A quick visit to the other side of my life

One of many things that has had me terribly busy all the past month is that I designed the set for Vintage Theatre's production of the play version of THE JOY LUCK CLUB. (If you're based in Denver you really should see it; it's the first show in their new space. As I write there are three weekends left.  Tickets here if you're interested).

What follows is sort of a rough draft of the artist's statement for my portfolio.  It may or may not make any sense to anyone who doesn't design sets.

Over the years I've come to realize that I'm an indifferent actor and director, and that design is really what I love, most especially scene.  This particular set was one of those gifts of the gods where the original idea, pursued passionately and systematically and kept in charge of the whole process, was the key to everything.
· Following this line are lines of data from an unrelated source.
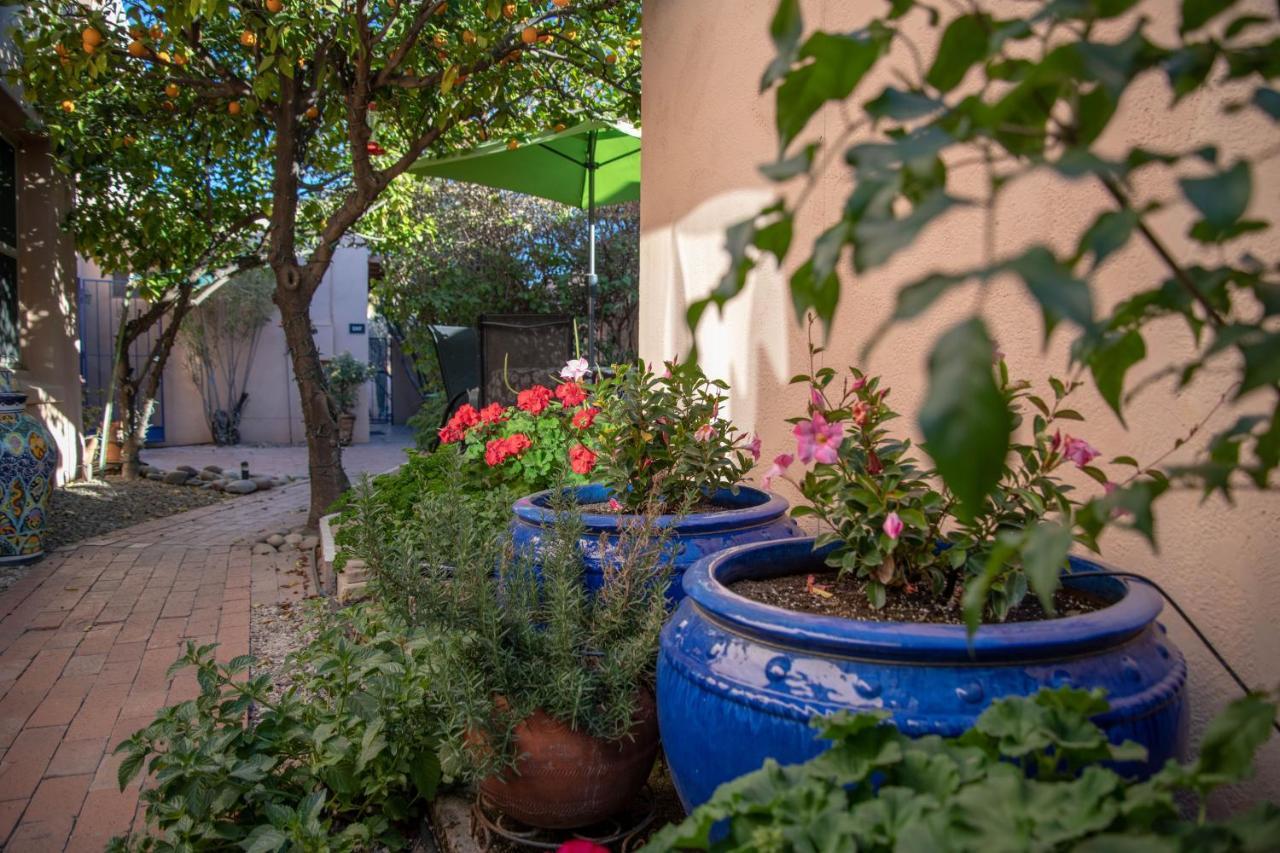 Adobe Rose Inn ทูซอน ภายนอก รูปภาพ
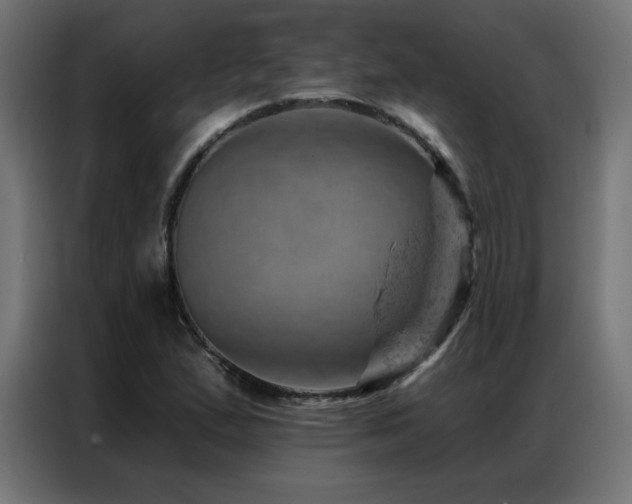 X0000087001167200704161518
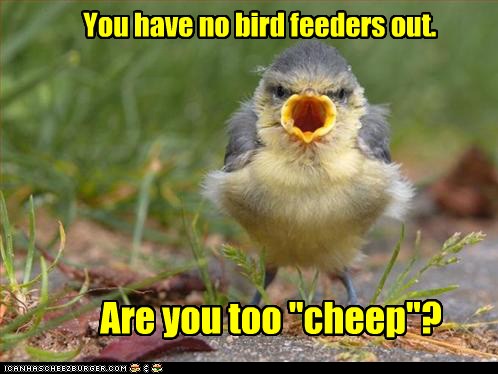 A Little Bird Told Me Animal Comedy Animal Comedy Funny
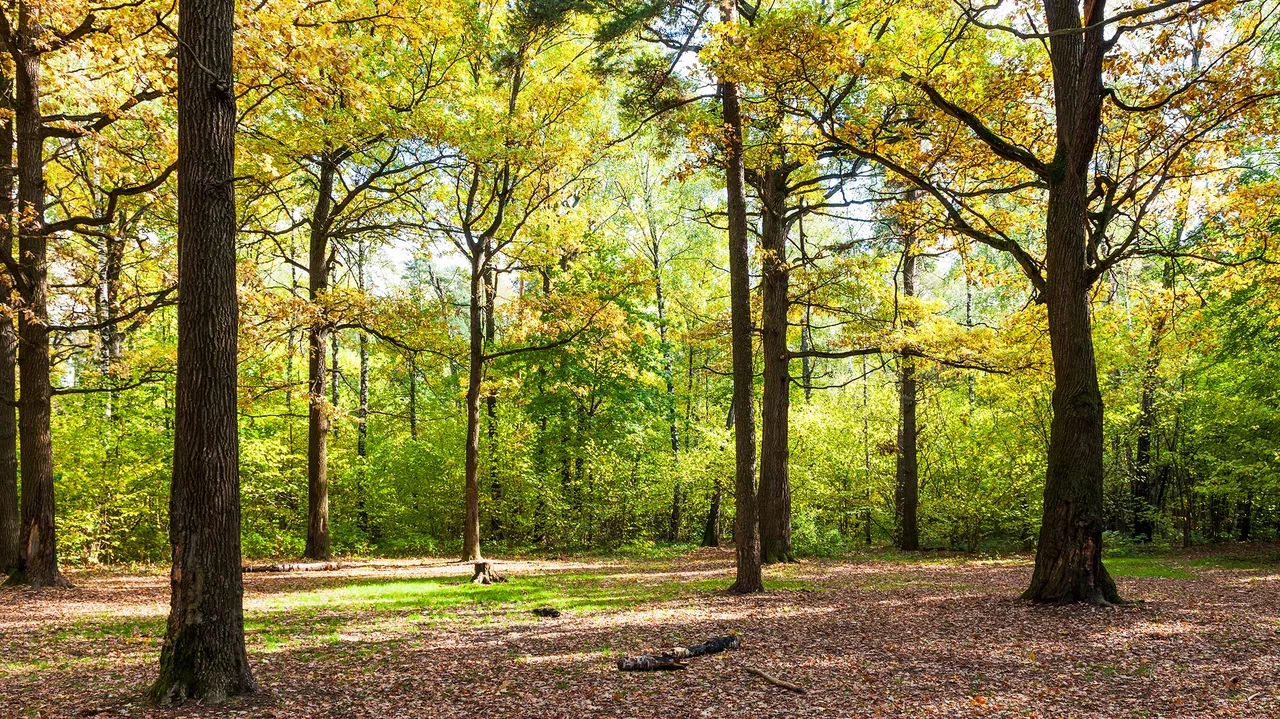 Изображение особенности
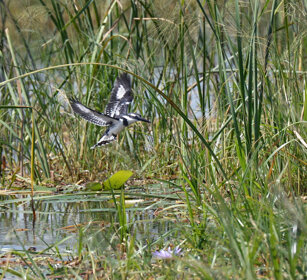 Martin pescatore bianco e nero (Ceryle rudis) Pied Kingfisher, lago Awasa, lake Awasa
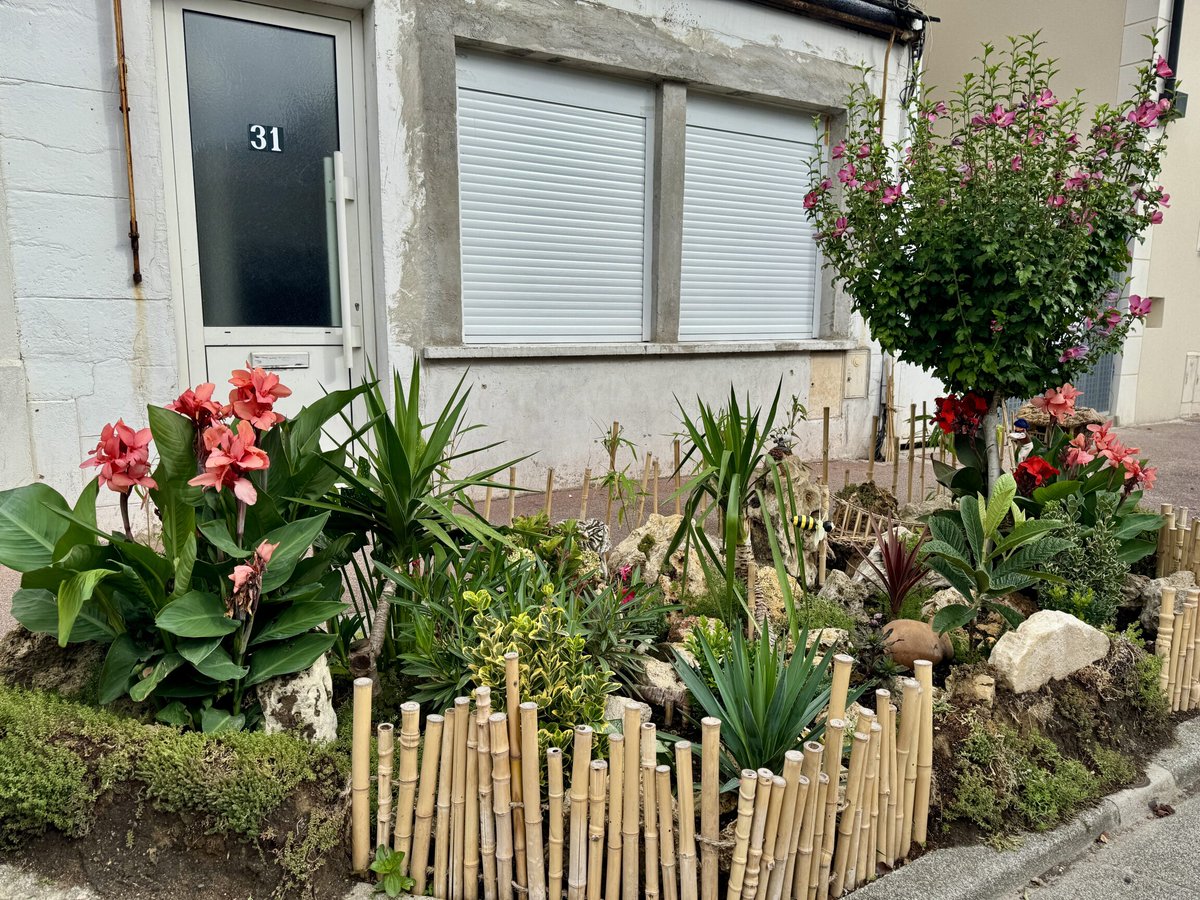 🌸 Un coin de verdure rue du 14 Juillet à Alfortville 🌿

Et si la beauté se cachait juste au coin de votre rue ? Ce nouvel aménagement floral réalisé devant le n°31 rue du 14 Juillet apporte une véritable bouffée d’oxygène et de couleurs au quartier ! 🌺🌿🌼

Grâce à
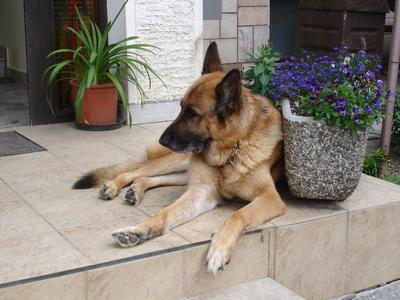 El gentil gigante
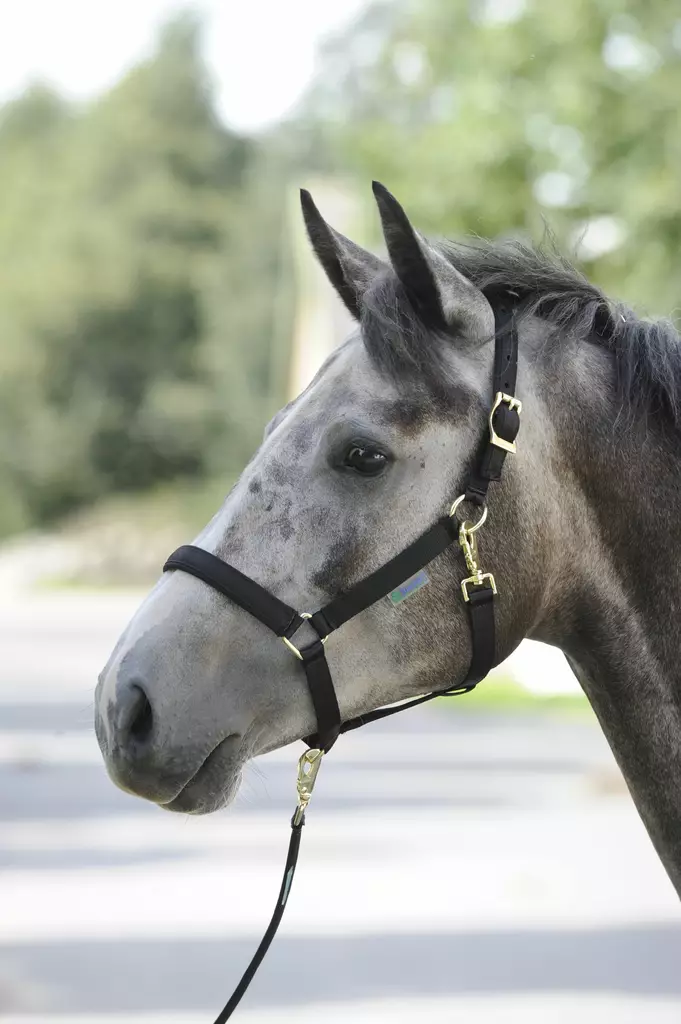 Bucas Dublin nailonriimu musta - Nylongrimmor - bu41230mu - 1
In this case, it was the idea of organizing the platforming, and a system of mini-cycloramas, into variations on the yin-yang curve, and then making everything proportional to the existing space.  The deck-to-grid height in the space was 11'6", so I drew the big, governing yin-yang curve of the platforms with a radius of 11'6"; visually that made the set "square," i.e. the dominant diagonal was the same length as the proscenium height.  It also meant that the secondary curve -- which created the upper platform where the mah jong table was -- had to be a radius exactly half that, i.e. 5'9", about an actor height, so since the platform showed the whole curve (2 radii), there was a nice 2:1 integer ratio between horizontal and vertical there.  Once that was decided, all the other proportions -- heights, radii, distances -- could be simple integer ratios applied to that basic 11'6" dimension (I made heavy use of 2:3 and 1:4 ratios), and the mass and planes of the set just naturally hung together.

A pleasant secondary effect was that because everything was in circular and semicircular curves, entrances, exits, and changes of level tended to align with tangents to the curves (naturally enough, if you were coming in from behind a mini-cyc, you pretty much had to come in tangent to it; if it shared a center with the curve of the platform, there you were, moving at the tangent angle to the platform curve too.  So actors naturally fell into curving, indirect entrances that were compositionally very pleasing and also tended to emphasize movements like inward and outward spirals and "double star" circular orbits of each other -- which worked extremely well with the themes of frustating, rarely consummated communication that is nevertheless unable to escape its social frame.


Painting the set in light gray and setting the mini-cycs up in costume satin (despite its name, a very cheap poly fabric) made it take Jen Orf's highly saturated light really well, so the whole set could change instantly to another look while preserving the unity of those curves, whose dimensions united the human proportion to the size of the stage.

And here are some pictures I shot with my phone:







You can see what a difference the light can make on surfaces like that; part of the scene designer's job is giving the lighting designer a place to play.  Another is giving the actors a place to play, and you can find some of them playing on this set here.

And that, my friends, is where I was for much of the past month, when I wasn't typing about undead Republicans.